It has become a familiar habit in certain conversations to compare forms of religious fundamentalism across traditions. Such comparisons are often dismissed quickly, particularly when they appear to collapse important distinctions in doctrine, culture, and conduct.
One understands the reaction. The differences are substantial. To collapse them entirely would be careless.
But the comparison, properly framed, is not really about equivalence. It is about method.
Fundamentalism, at its core, rests on a conviction that the text speaks with clarity and authority—that its meaning is fixed, discoverable, and binding. The difficulty is that texts do not interpret themselves. They are read, and in being read, shaped by the assumptions, experiences, and intentions of the reader.
Which is to say: the power of fundamentalism lies not only in the text, but in the act of interpretation.
This is where the risk emerges. If meaning is treated as absolute, but reading remains human, certainty can become detached from humility. The result is not merely conviction, but competing certainties—each grounded in the same source, yet arriving at very different conclusions.

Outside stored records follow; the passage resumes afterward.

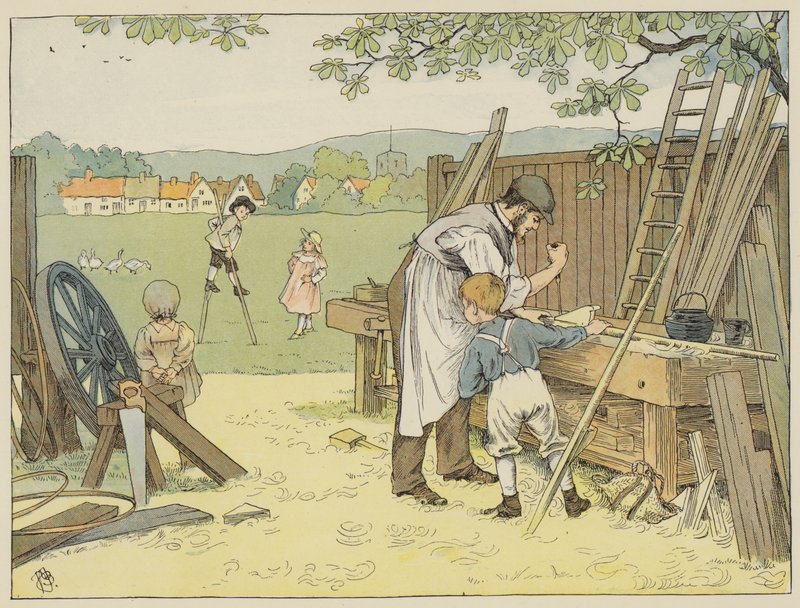 Timmerman (kleurenlitho) door Francis Donkin Bedford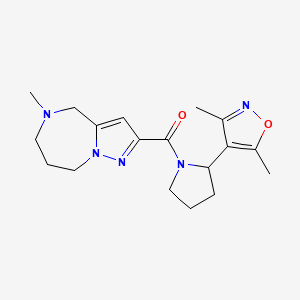 molecular formula C18H25N5O2 B4130413 2-{[2-(3,5-dimethylisoxazol-4-yl)pyrrolidin-1-yl]carbonyl}-5-methyl-5,6,7,8-tetrahydro-4H-pyrazolo[1,5-a][1,4]diazepine 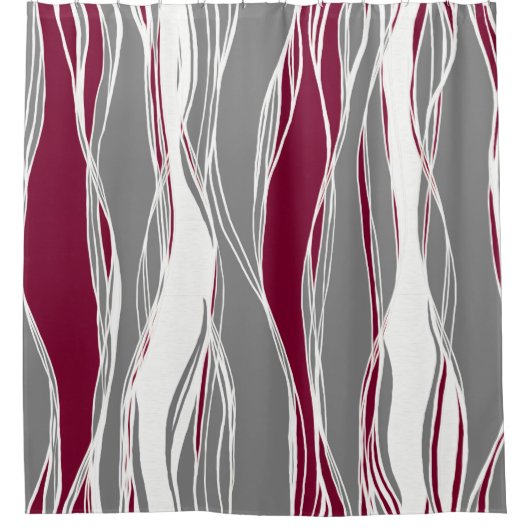 Elegant, modern, lijnen, golven, grijs, Bourgogne Douchegordijn (Voorkant)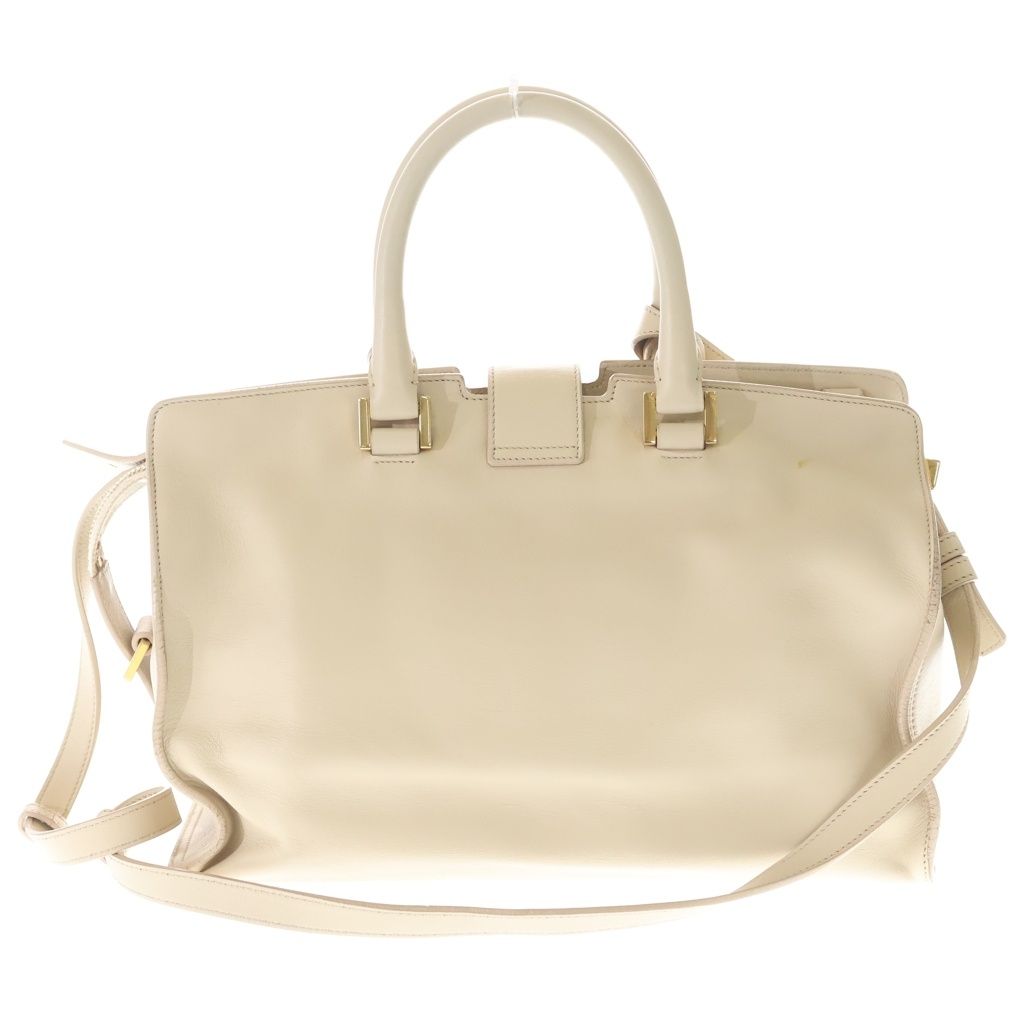 Saint Laurent Paris Line Petit Cabas 2-Way Shoulder Bag Beige Leather Gold — view 2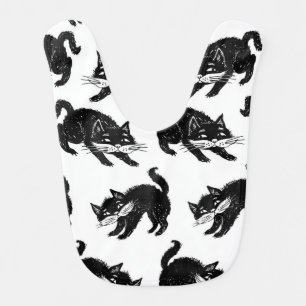 Cat pattern baby bib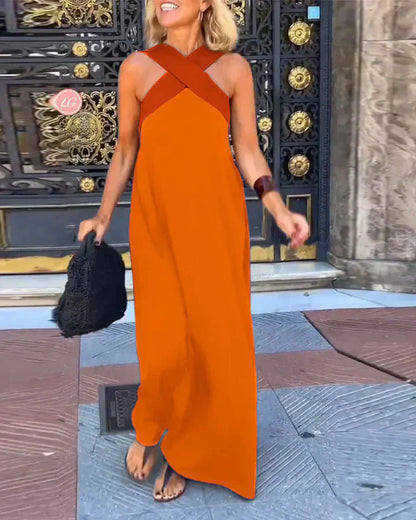 Quirine™ | Vestido Maxi con Cruce Frontal.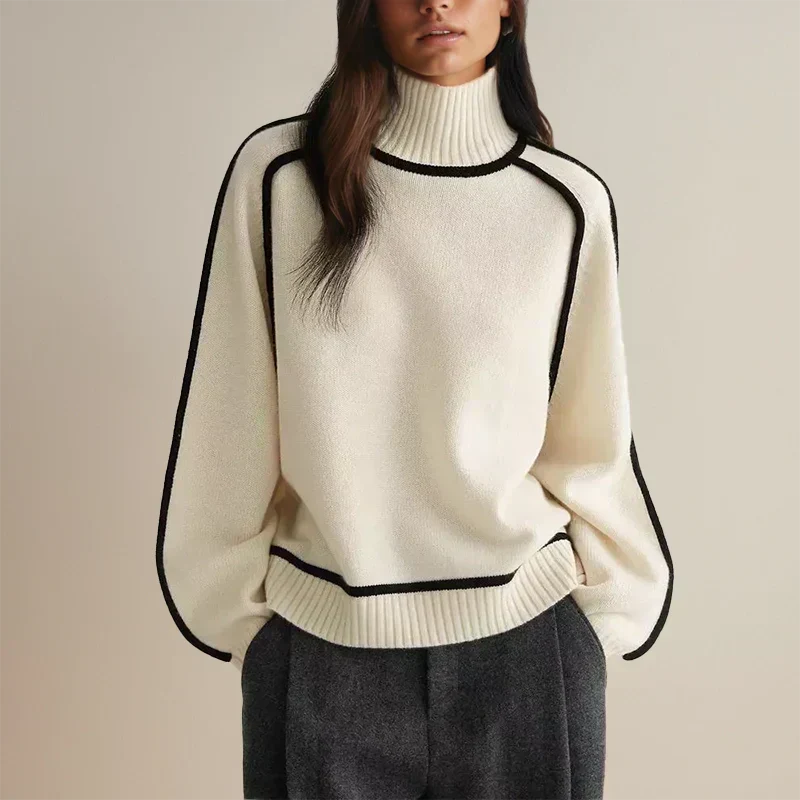Turtleneck Long Sleeve Contrast Piped Oversized Sweater 8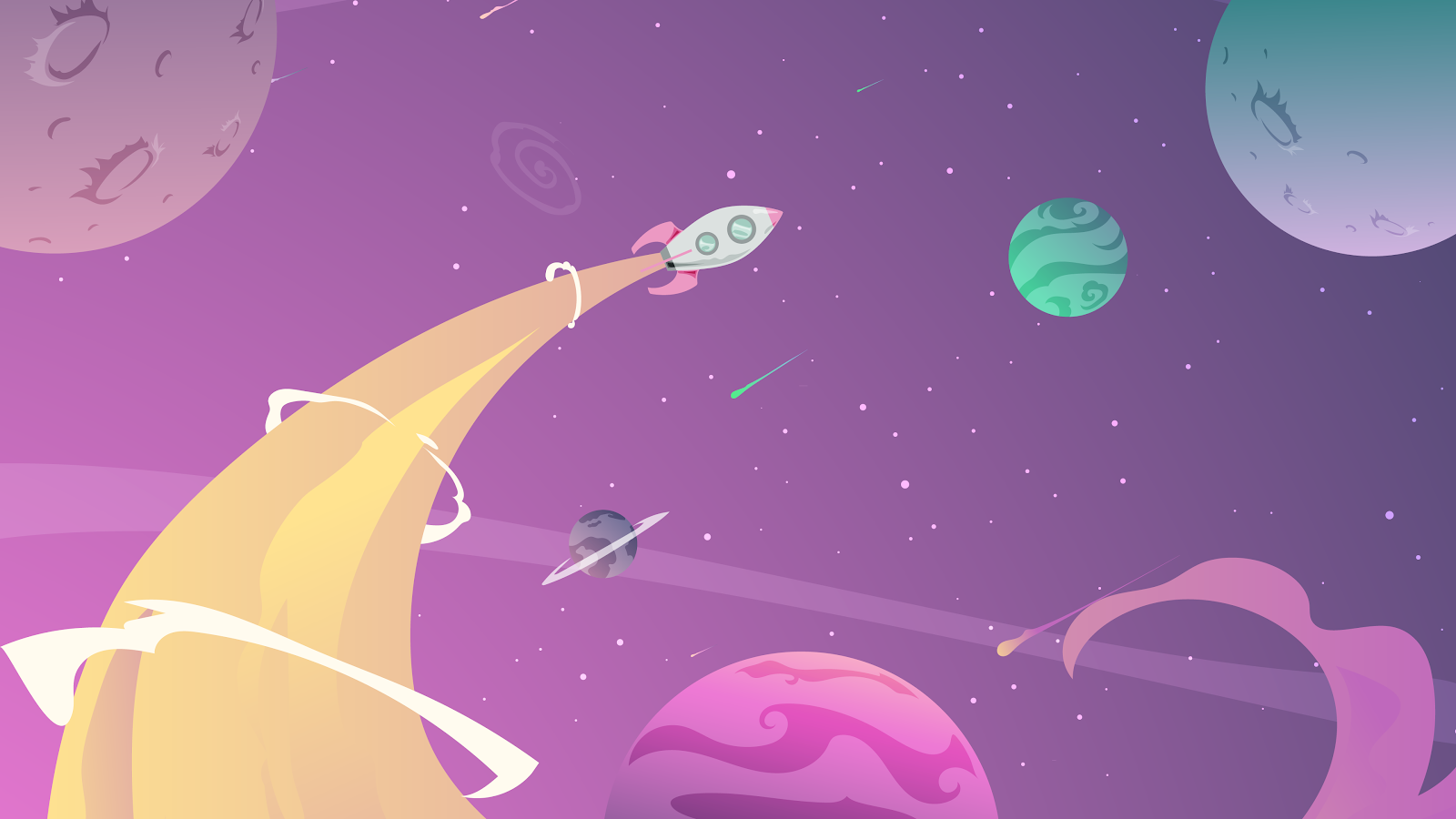 Colorful gradient space with a rocket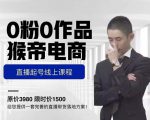 猴帝电商直播起号课，零粉零作品开播底层逻辑，直播五天打爆广场流量-稀缺资源库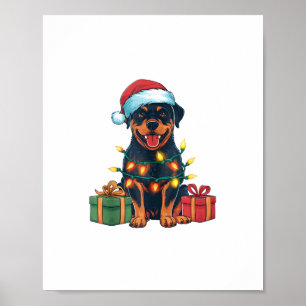 Xmas Lighting Weihnachtsmannmütze Rottweiler Dog W Poster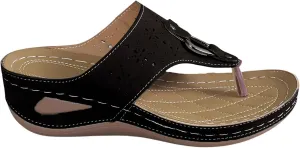 Women's Orthopedic Arch Support Sandals Diabetic Walking Shoes Summer Anti-Slip Breathable Mesh Hollow Wedge Slippers Orthotic Open Toe Casual Comfortable Beach Fashion Flip-Flops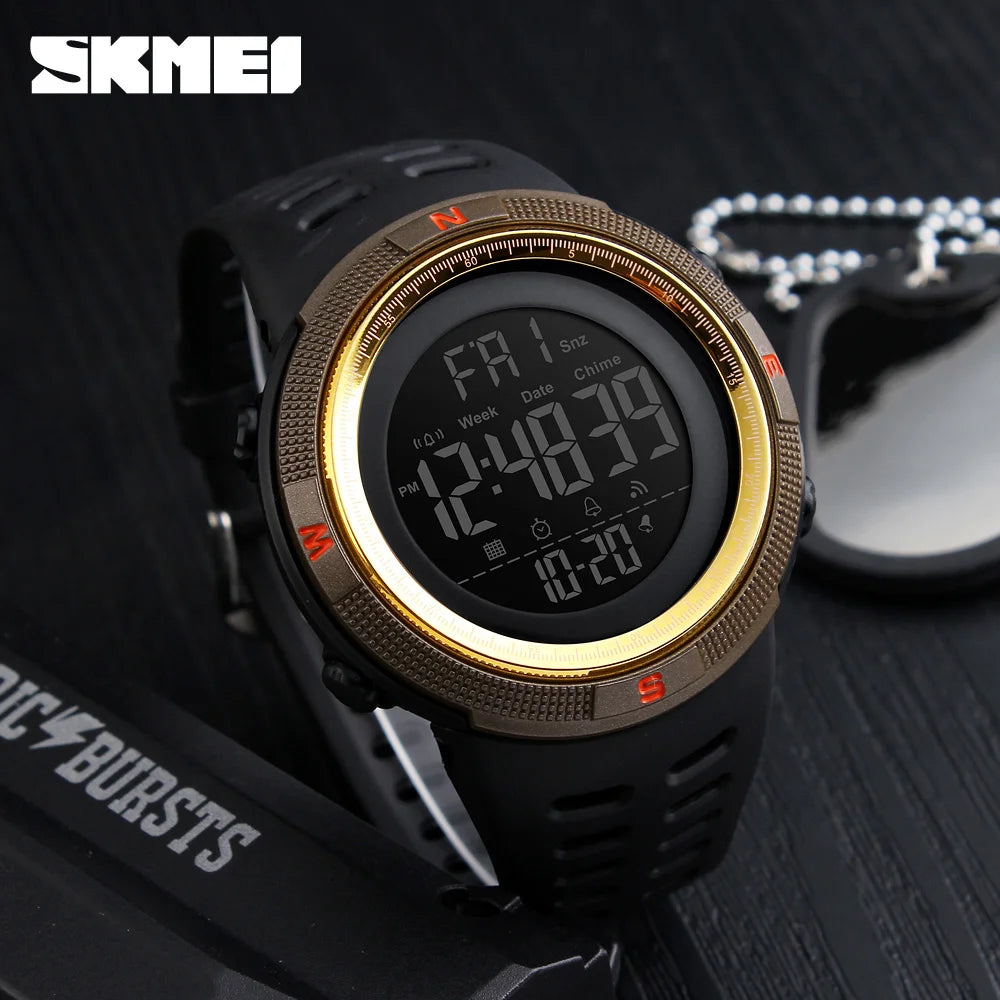 Marca SKMEI, relojes deportivos para hombre, moda Chronos, cuenta atrás, reloj Digital LED resistente al agua, reloj de pulsera militar para hombre, reloj Masculino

When such readings are joined to power, they do not simply persuade. They govern.
The danger, in other words, is not belief itself, but belief that no longer recognizes the limits of its own reading.
Modern democracies have, for the most part, recognized this tension. The separation of church and state is not simply institutional design; it is an acknowledgment that when moral authority fuses too tightly with political power, a single interpretation can crowd out all others. Democratic structures—courts, legislatures, electorates—do not eliminate disagreement, but they force interpretations into contest with one another.
The process is imperfect. But it is plural.
In contemporary discourse, certain traditions are more often cited than others, usually in response to visible examples of what uncompromising readings can produce when joined to state power. But the underlying dynamic is not confined to any one faith. Any system of belief, read without context, history, or institutional restraint, can be pressed toward rigidity.
Texts written centuries—or millennia—ago were shaped by circumstances that do not travel intact across time. To read them as though they did is not fidelity. It is projection.
The question, then, is not which tradition is more susceptible to extremity. It is whether interpretation is allowed to evolve within a framework that accommodates disagreement, complexity, and change.
Left to itself, fundamentalism tends toward certainty. Democracy, at its best, disciplines certainty through process.
The challenge is not to eliminate belief, but to ensure that belief—however deeply held—remains open to interpretation.
Because in the end, it is not the text that governs.
It is the reading—and the structures that shape it.